> **Description of the task**
Could you print exactly the lines from the one that contains "MS license plate ZLS682" to the end of the data, both ends included, and nothing else? Skip the pictures.

> **Collected material**
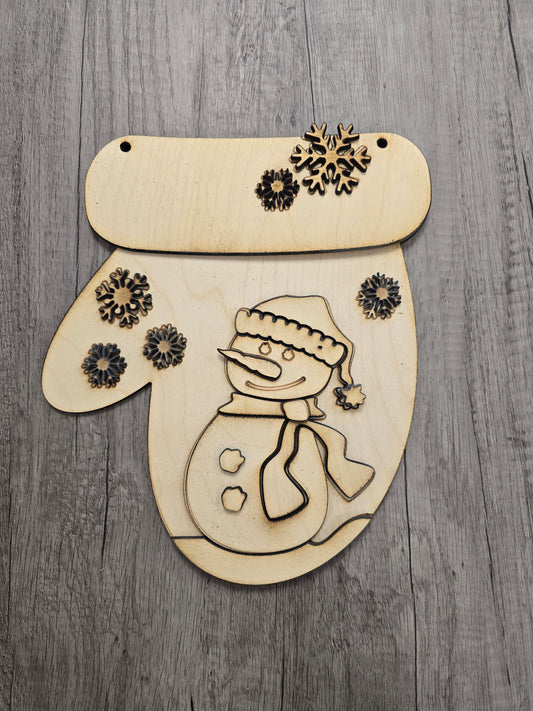 Snowman Paint-Your-Own Wood Projects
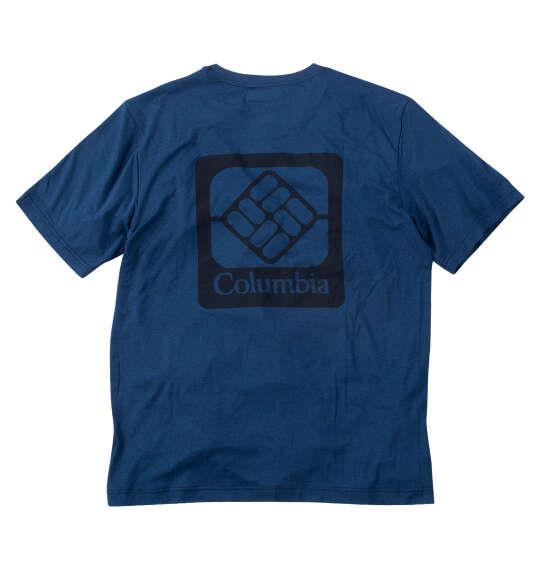 大きいサイズ メンズ Columbia クイックハイクバックグラフィック 半袖 Tシャツ マウンテンブルーヘザー 1278-6215-1 1X 2X 3X 4X 5X 6X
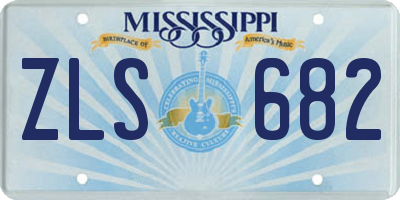 MS license plate ZLS682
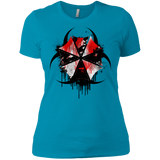T-Shirts Turquoise / X-Small Umbrella Corp Women's Premium T-Shirt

> **Answer to this task**
 MS license plate ZLS682
T-Shirts Turquoise / X-Small Umbrella Corp Women's Premium T-Shirt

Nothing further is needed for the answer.